Between Our Hearts 5
by Mayangsari Vitaism on Friday, December 23, 2011 at 10:01pm
-ooo-
Between Our Hearts
5
-ooo-
Hendra tertegun melihat ketakjuban pemandangan di depannya. Cahaya matahari kuning keemasan yang akan tenggelam. Refleksi warna yang begitu cantik. Keindahan alam yang luar biasa. Matahari yang sama. Pemandangan yang sama. Tapi tidak dengan yang menemaninya. Tak ada Alvent apalagi Vita. Dia hanya bersama Lili. Raga yang mirip Vita.
“Keren banget,” gumam Lili yang menyedot perhatian Hendra. Cowok itu tersenyum melihat tingkah Lili yang begitu senang melihat matahari tenggelam.
“Baru pertama liat?” tanyanya.
Lili mengangguk tanpa melihat Hendra yang sedaritadi menatapnya. “Iya. Aku jarang banget liat sunset, malah nggak pernah,” kata Lili yang kemudian membalas tatapan Hendra, “Makasih ya Ndra,” ucapnya dan menutup kalimatnya dengan senyuman dibibir mungilnya.
Pasti lebih seru kalo ada Vita sama Alvent, batin Hendra. Tapi sebenarnya mereka sedang melihat matahari yang sama. Di atas sepedanya dipinggir jalan Alvent sedang melihat matahari itu, juga dengan Vita yang duduk dibalik jendelanya memandang indahnya senja di sore hari.
-ooo-
Hari yang dilalui mereka tak sama lagi. Pertengkaran dingin kemarin sore sedikit demi sedikit memberi celah diantara Vita dan Hendra dan semakin mendekatkan Hendra dan Lili. Sedangkan Alvent hanya bisa berada di daerah yang putih. Melihat cinta segitiga yang sebenarnya secara tidak langsung membawanya ke dalam kisah itu.

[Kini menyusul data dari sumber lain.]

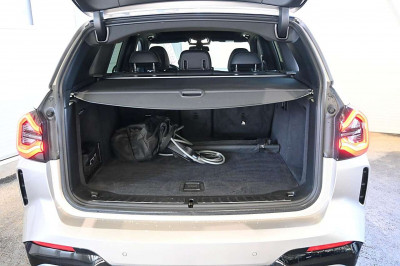 BMW iX3 Gebrauchtwagen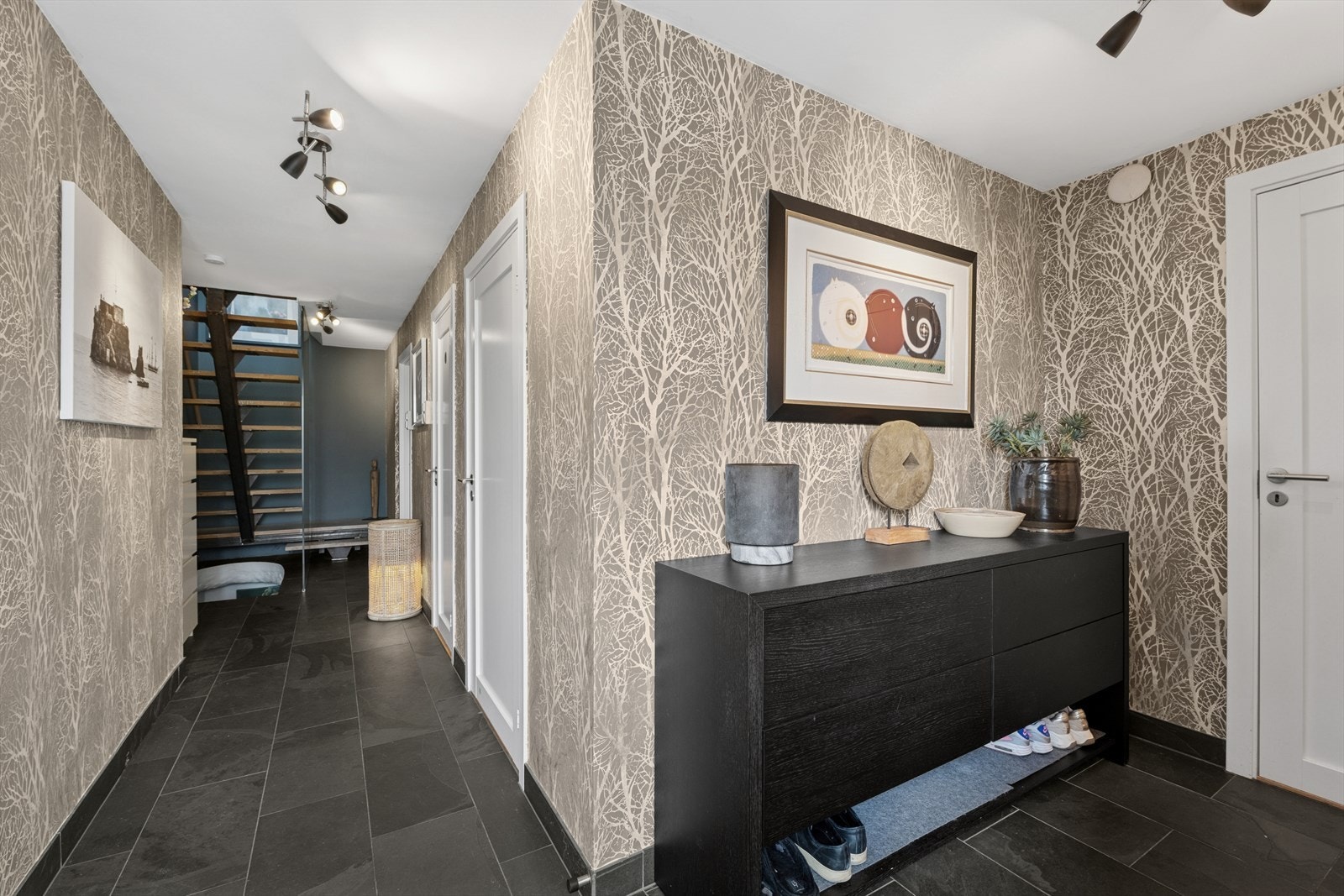 Her ønskes man velkommen inn i en innbydende og romslig entrè. God plass til å henge fra seg yttertøy og sette fra seg sko. Velkommen inn til hyggelig visning! Galleribilde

Dari dalam kelasnya Vita sedang menatap Hendra yang berjalan dengan Lili menuju kantin sekolah. Dia seperti melihat dirinya sendiri berada disamping Hendra. Mereka tampak mengobrol dengan sesekali tertawa bersama. Tawa yang dirindukan oleh Vita. Karena sudah tiga hari sejak kejadian itu Vita tak pernah berbicara dengan Hendra.

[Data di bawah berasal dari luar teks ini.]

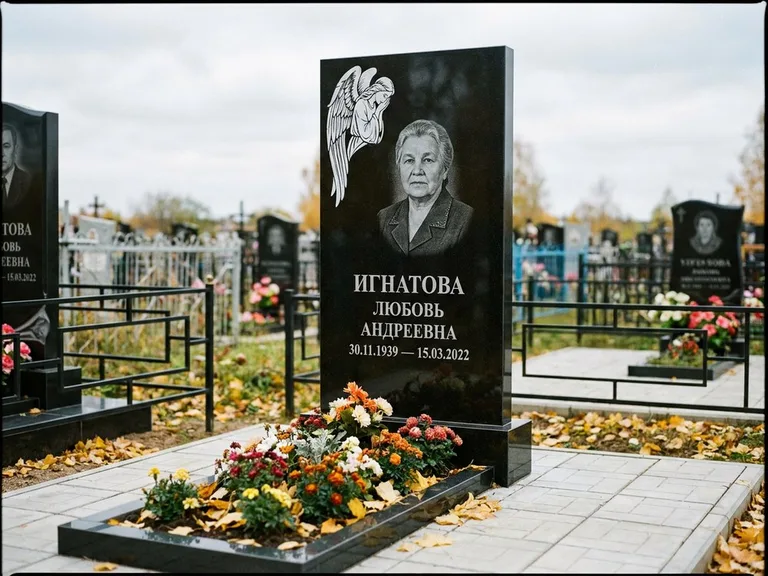 Памятник с гравировкой ангела — белая гравировка скорбящего ангела над портретом, работа «Игнатова» в Ижевске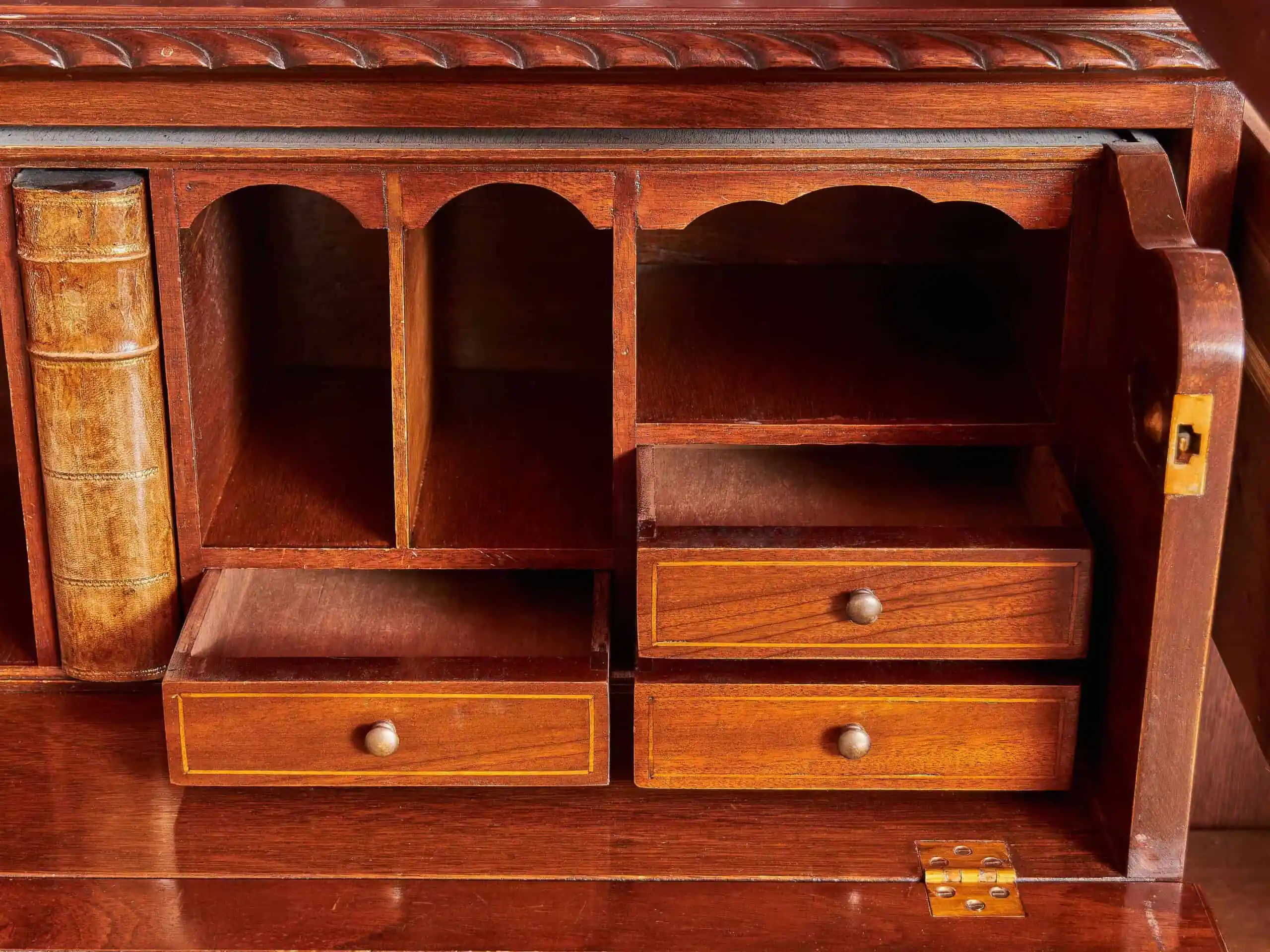 Starožitná Anglická knihovna se sekretářem Regetnství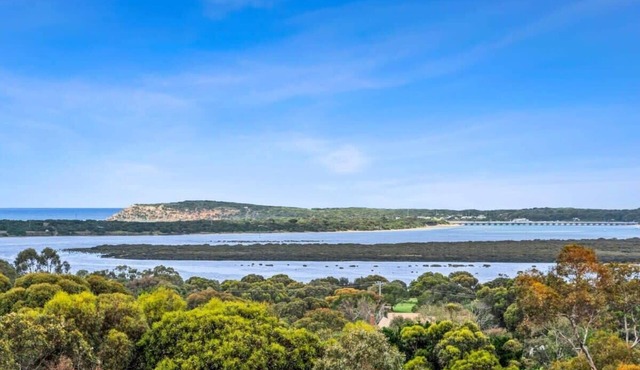 Mariners Retreat Unrivalled Ocean and River Views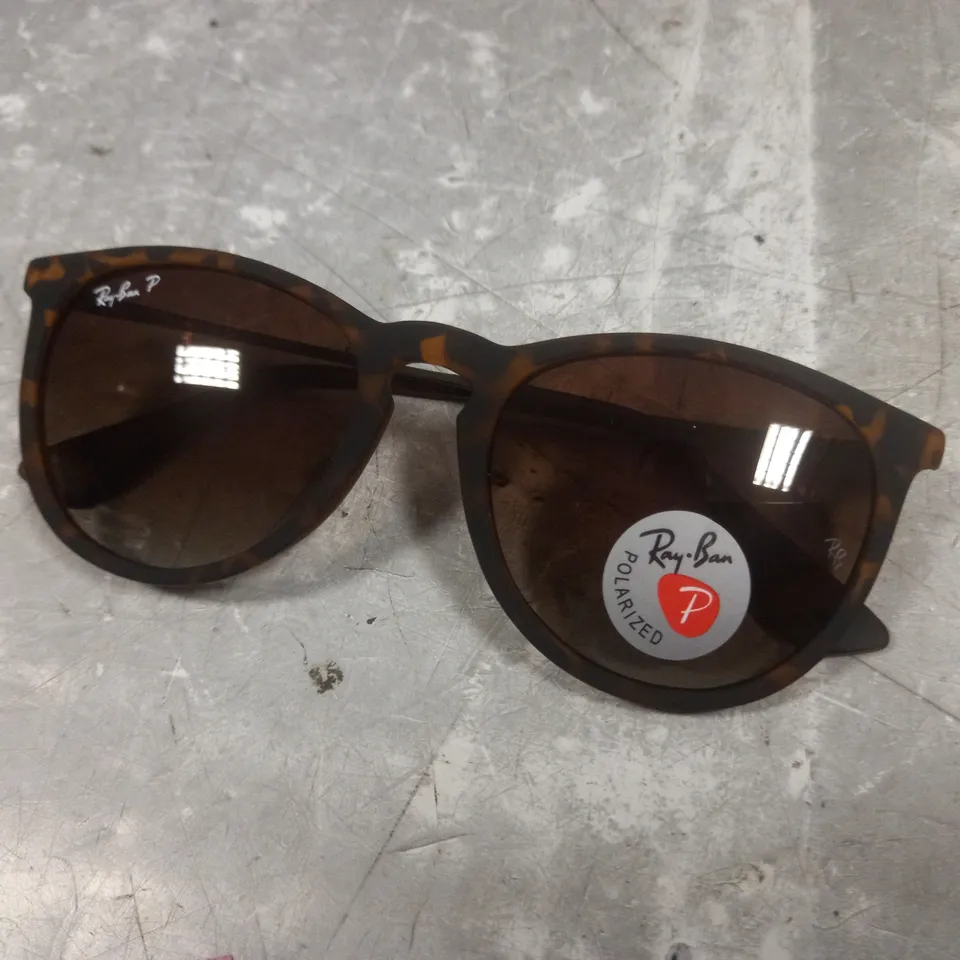 BOXED PAIR OF RAY BAN GLASSES WITH POLARISED LENS IN CASE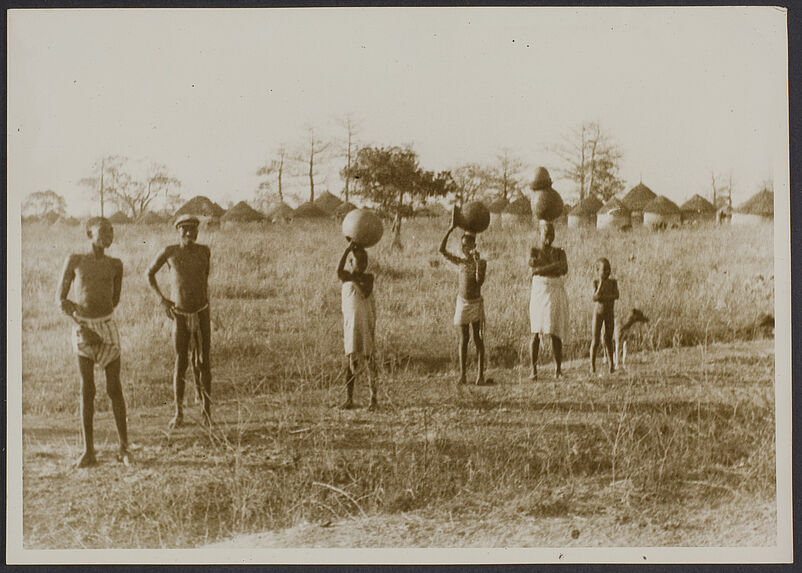 Mission IFAN Dekeyser-Holas au Libéria en 1948 [Personnes dans la brousse à proximité d'un village]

“Liat apaan sih Vit?” tanya Alvet yang tiba-tiba ada di depannya. “Oh, Hendra sama Lili,” sambungnya lagi yang tau apa yang dilihat Vita.
Vita menganggukan kepalanya sambil terus melihat Alvent yang duduk di depannya. Ada perasaan yang aneh di hatinya. Ternyata Alvent ganteng juga.

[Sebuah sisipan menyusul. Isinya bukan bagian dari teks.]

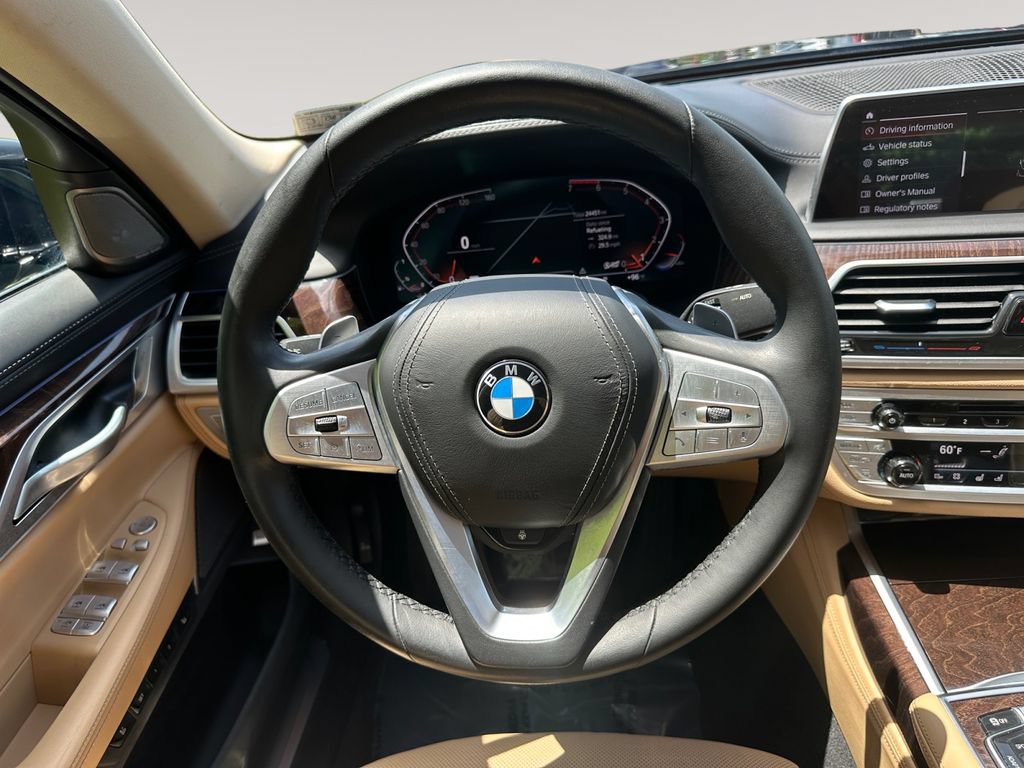 Used 2020 BMW 750i xDrive w/ Executive Package AWD/4WD image 4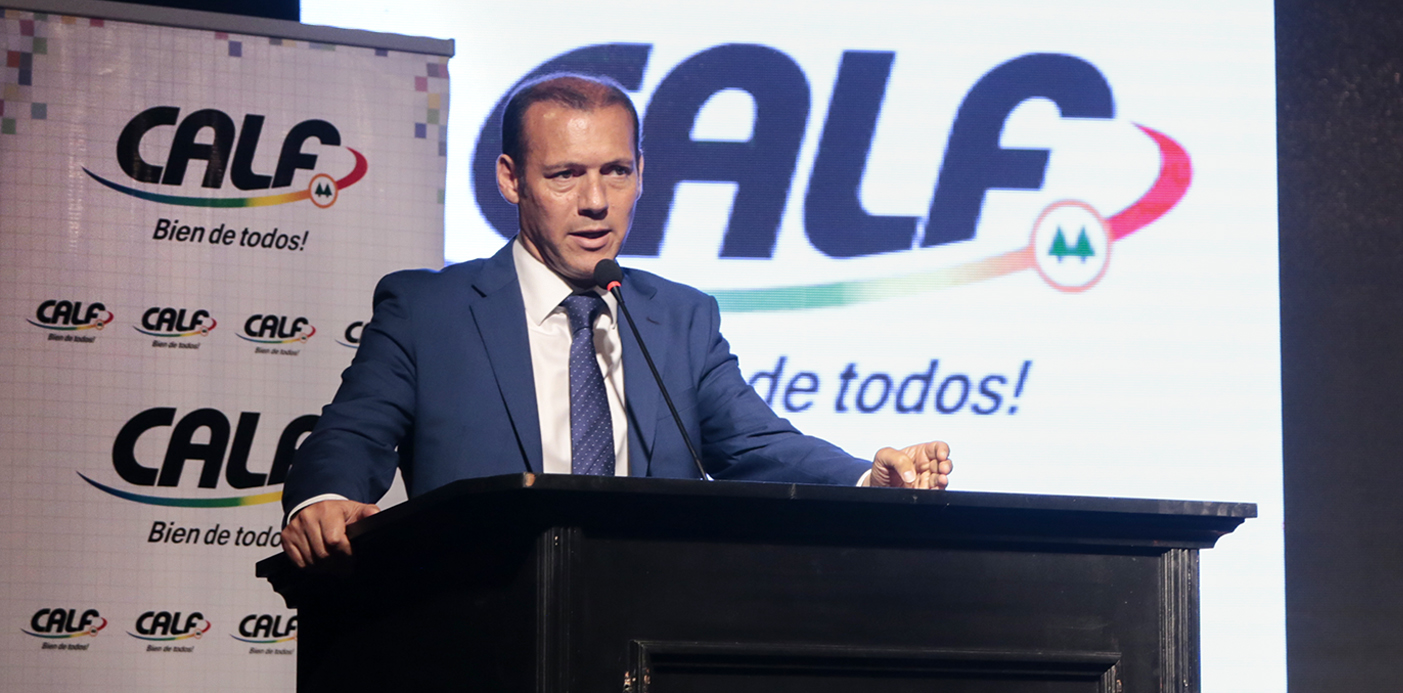 En este momento estás viendo EL GOBERNADOR GUTIÉRREZ VOLVIÓ A PEDIR POR EL CONTRATO DE CONCESIÓN PARA LA COOPERATIVA CALF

“Ngapain lo liatin gue terus?” tanya Alvent yang mulai sadar jika Vita sedaritadi menatapnya. Vita geleng-geleng. “Nggak papa.”
“Gue tau kalo gue ganteng tapi ngeliatinnya santai dong Vit jangan melotot gitu,” ucap Alvent dengan tingkat kepercayaan diri mendadak meningkat.
“Huuu, pede banget lo,” cela Vita sambil memukul lengan Alvent dan membuat mereka tertawa bersama.
-ooo-
Vita semakin dekat dengan Alvent. Hendra semakin dekat dengan Lili. Begitulah hari-hari mereka berikutnya berlanjut. Persahabatan Alvent dengan Vita, persahabatan Alvent dengan Hendra, persahabatan Hendra dengan Vita masih berjalan walaupun tak sedekat dulu seperti sebelum Lili masuk ke lingkar kehidupan mereka.
“Ndra aku mau ngomong sama kamu,” ucap Vita suatu hari kepada Hendra yang sedang asik bercanda dengan teman-temannya.
Melihat kedatangan Vita di kelasnya Hendra segera menghentikan aktivitasnya dan menarik Vita ke luar kelas.
“Ngomong apa?” tanyanya setelah berada di luar dan melepas pergelangan Vita yang ditariknya tadi.
Vita memutar kedua bola matanya. Dia gugup harus bicara gimana dengan Hendra, sorot mata Hendra yang menatapnya tajam semakin membuatnya takut untuk berbicara. Tapi jika dia batal berbicara dia bisa kena marah Alvent karena Vita sudah berjanji dengan Alvent bahwa hari ini dia akan memperbaiki hubungan persahabatan mereka. Jadi serba salah.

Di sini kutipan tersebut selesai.